- Opening Delimiter -

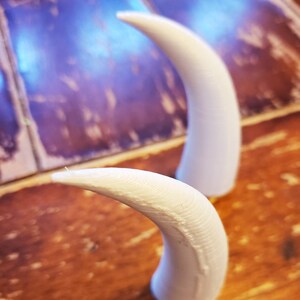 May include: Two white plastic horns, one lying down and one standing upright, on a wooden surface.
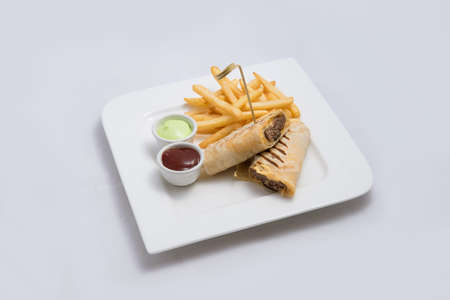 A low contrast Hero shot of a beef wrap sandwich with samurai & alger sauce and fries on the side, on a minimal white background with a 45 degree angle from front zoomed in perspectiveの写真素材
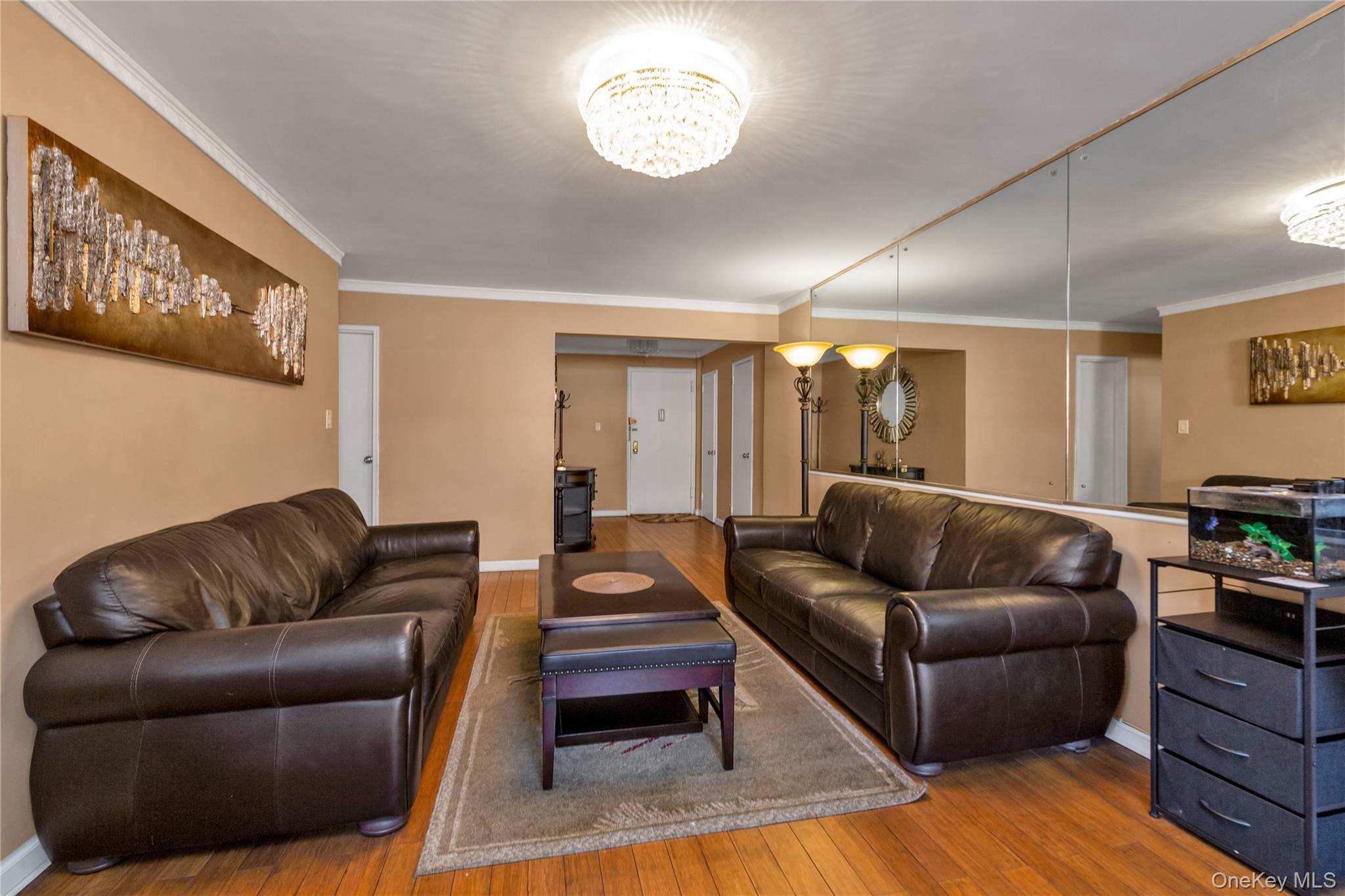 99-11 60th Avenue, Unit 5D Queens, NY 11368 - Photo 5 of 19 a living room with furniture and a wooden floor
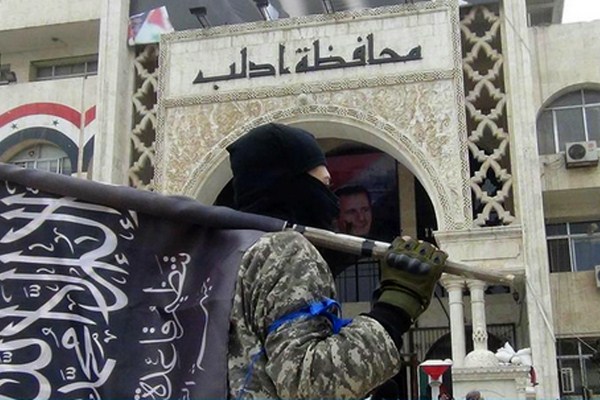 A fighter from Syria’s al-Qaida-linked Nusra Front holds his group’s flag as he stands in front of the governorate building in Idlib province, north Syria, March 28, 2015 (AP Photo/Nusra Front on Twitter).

- Closing Delimiter -

— Problem —
Would you give the data above again word for word, skipping any images?

— Task output —
 May include: Two white plastic horns, one lying down and one standing upright, on a wooden surface.
 A low contrast Hero shot of a beef wrap sandwich with samurai & alger sauce and fries on the side, on a minimal white background with a 45 degree angle from front zoomed in perspectiveの写真素材
 99-11 60th Avenue, Unit 5D Queens, NY 11368 - Photo 5 of 19 a living room with furniture and a wooden floor
 A fighter from Syria’s al-Qaida-linked Nusra Front holds his group’s flag as he stands in front of the governorate building in Idlib province, north Syria, March 28, 2015 (AP Photo/Nusra Front on Twitter).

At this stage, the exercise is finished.